Sean Smith Led Workshop

Sean Smith was our leader our January club meeting. Sean comes from the East Coast and brings a different perspective that what we are used to here in California. Sean has been on a world wind tour of Southern California and we were lucky to pick him up; thank you for Fred M. and Doyle S. for bring his personal tour guide and Uber driver while he was in Southern California.

Sean started with a short video of him doing what he does best, wood carving. Sean is a renown daiza and wood stand maker in the bonsai community. In this youtube video, Sean was carving some major character into an old Ume tree.

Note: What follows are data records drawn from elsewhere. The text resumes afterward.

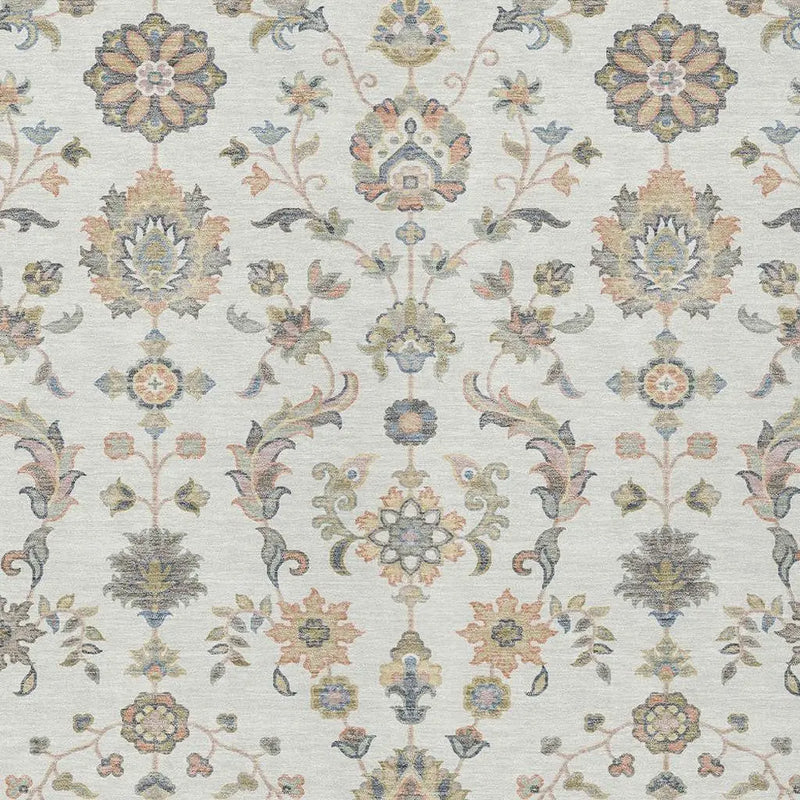 3' X 5' Ivory And Beige Abstract Washable Indoor Outdoor Area Rug Homeroots Outdoor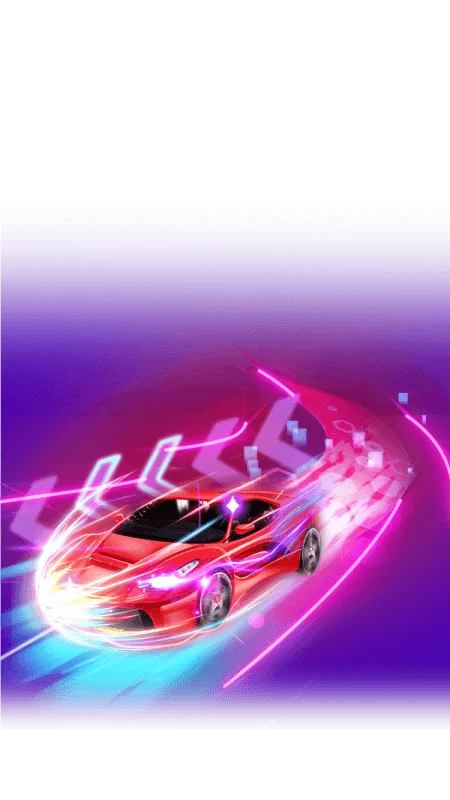 Neon Supercar Turbo Surge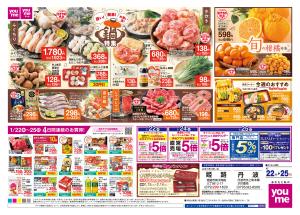 1/22(木)-1/25(日)_のチラシ画像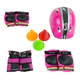 Patín 4 Ruedas Extensible C/ Set De Protección Lamborghini-FUCSIA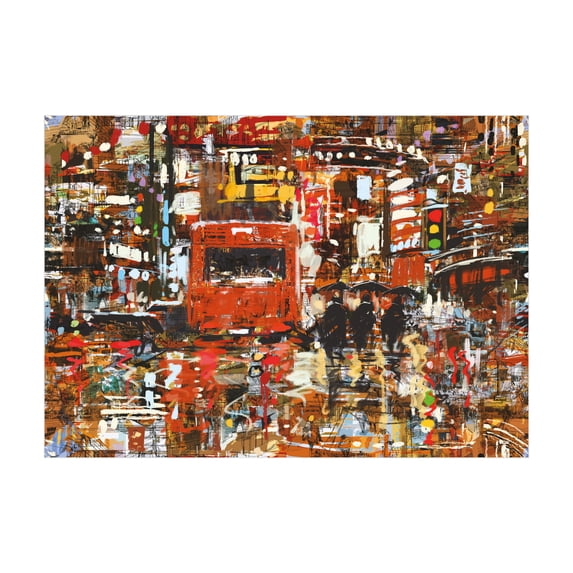 Ambesonne Fantasy Jigsaw Puzzle, Urban Abstract City, Heirloom-Quality Fun Activity for Family Durable Cardboard, 1000 pcs, Multicolor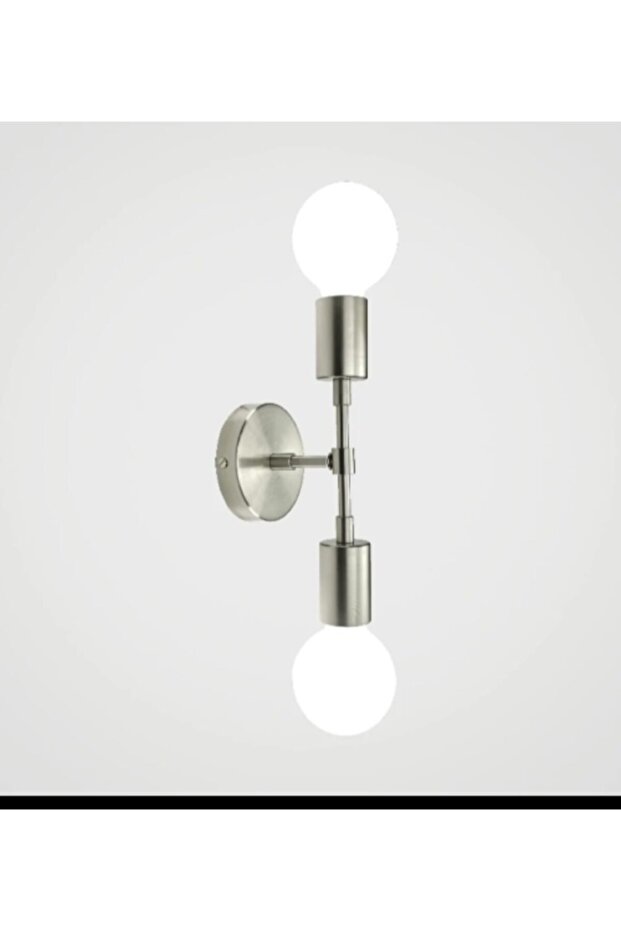 Retro Matte Chrome Metal 2-Piece Decorative Rustic Wall
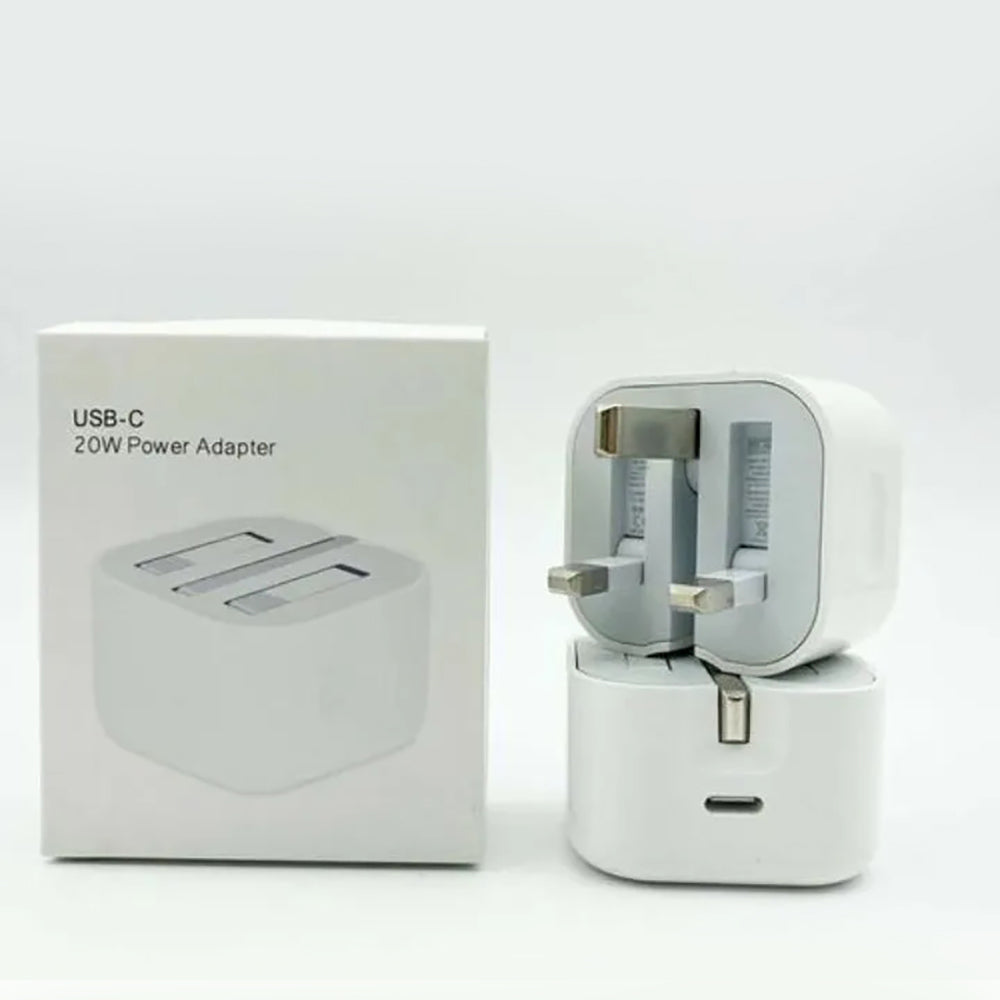 25W Iphone Usb-C Pd Power Adapter Charger 3 Pin (Uk Pin)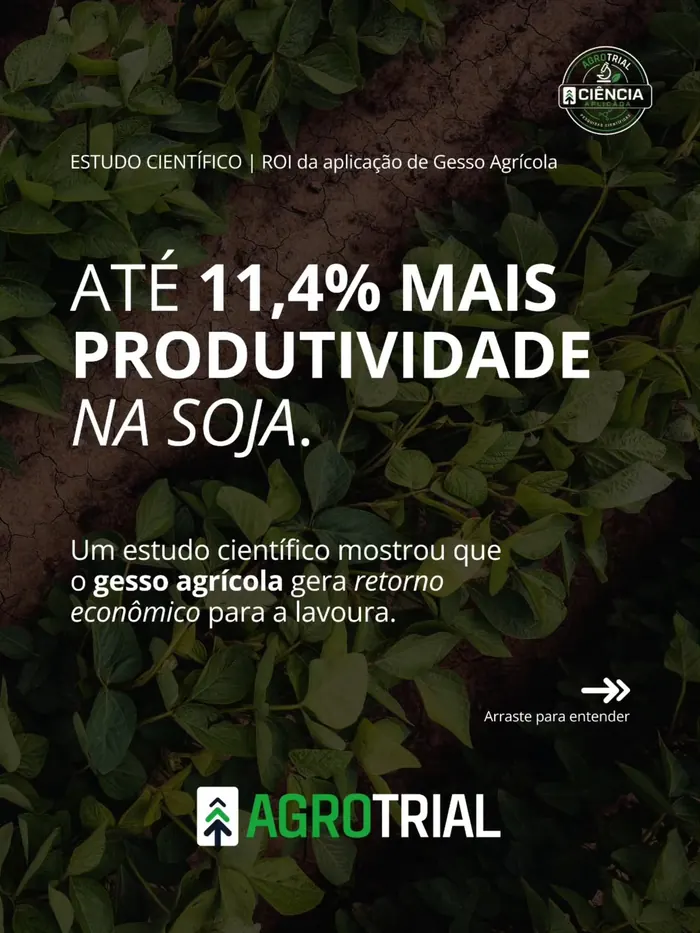Publicação técnica sobre gesso agrícola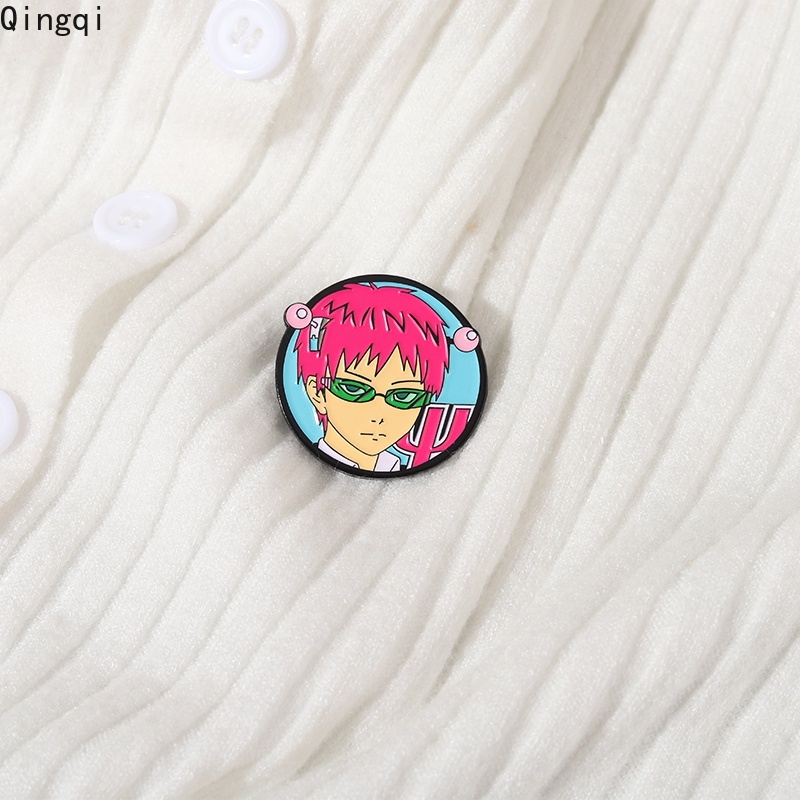 Bros Pin Enamel Desain Kartun Anime Saiki Kusuo No Psi Nan Untuk Hadiah Anak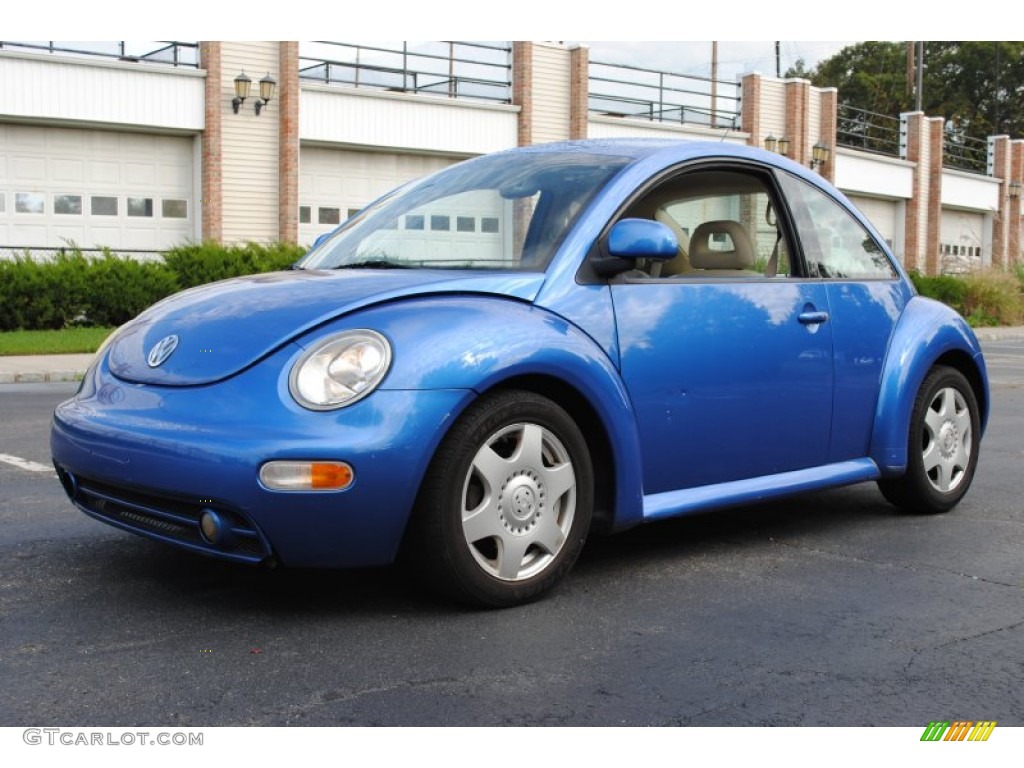 Techno Blue Metallic 1998 Volkswagen New Beetle 2.0 Coupe Exterior Photo #55408917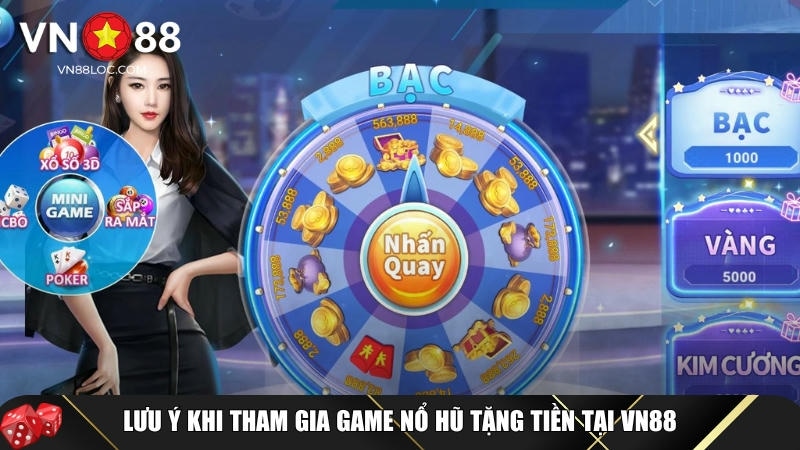 Khám Phá Game Nổ Hũ Tặng Tiền Tại VN88 Uy Tín Nhất 2025 3 Những lưu ý cơ bản khi tham gia chơi game nổ hũ tặng tiền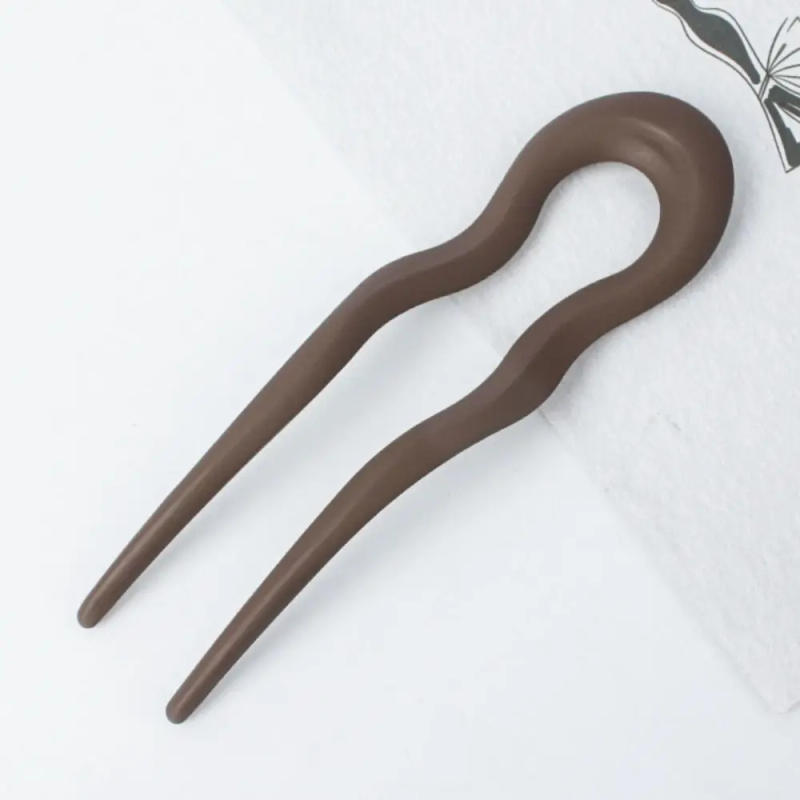 Description Picture 6 of itemDull Polish U Shaped Hairpin Fashion Wavy U-clamp Hair Stick Stoving Varnish Headwear Hair Pin Hairstyle Accessory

Sean went around the room giving everybody that brought in a tree suggestion on where or how to progress with their target tree. In the picture above Walter and Octavia brought in a medium size itoigawa juniper. Sean did ask about some yellowing of the foliage. Sean thought it was more cold weather causing the discoloration like some junipers turning a deep shade of purple in Japan. He suggested to follow one of the main trunk lines and work within that frame work.

Andrew C. a new member brought in a prostrata juniper with a very interesting trunk line but all the foliage was near the top making a ball shaped silhouette. Sean suggested he make bunjin style tree with current branch structure he has. Sean went up to the chalkboard to illustrate this concept for Andrew.

Next was Greg's little tree. This trident maple was one of Greg's first attempt 21 years ago. It is a root over rock style tree but the tree has been neglected for too long. Sean suggested to concentrate his energy by removing most of the main trunk and letting the lowest branch becoming into a hankengai style main trunk. If not their is not much interesting feature in this tree.

Greg brought a 2nd tree an old Olive. This tree has been neglected for 20 years by Ken Teh. It has an impressive nebari but the branches on this tree are way far out there and are rather weak. Sean suggestion was to cut all the branches short and feed the heck out of the tree. Hoping in the spring that the tree will respond by make new shoots lower on the trunk line.

The next tree was mine of course. A 15-20 year old nursery stock Kiyohime Japanese Maple. He swears that I'm crazy for picking up this tree. Because of the following reasons: branches are brittle, weak vertical grower, and slow growing. He was amazed to see the branch growth then noticed the escaped taproots at the bottom of the can. He suggested to restart all the branches and drastic cut all the branches to basic structure for this tree. Or I would never development a descent bonsai if I continued to use the current branch structure as my foundation.

The last tree of the night came down to Gus. He brought in an old Chinese Elm tree, that he picked up from Barry last year. Sean quickly asked Gus what was your plan. Gus said he wanted to heal for one huge wound and develop a medium size tree. Sean suggested for Gus to air layer the top of the tree off and make a convincing bonsai. The wound heal would probably take too long and current trunk line would disappear if he followed that path.

The final person was Lindsay. Lindsay took advantage of Sean's expertise in woodwork asking suggestion for a daiza for this stone. Sean recommended a rounded bottom daiza to stop the eye from seeing the cut flat bottom stone. Having a daiza will help with an illusion that the stone is not flat and stop the eye from just following that line.

Sean went up to chalkboard to illustrate this idea by comparing a flat bottom daiza and a round bottom daiza. It is pretty clear to me that a rounded bottom daiza with rim that follows the natural shape of the rim helps define this stone that a flat design hands down.

Thank you Sean for your help tonight. I hope to see you again at the next convention making some awesome root stands! That's all folks for tonight. Our next meeting will feature our very own Tom Vuong!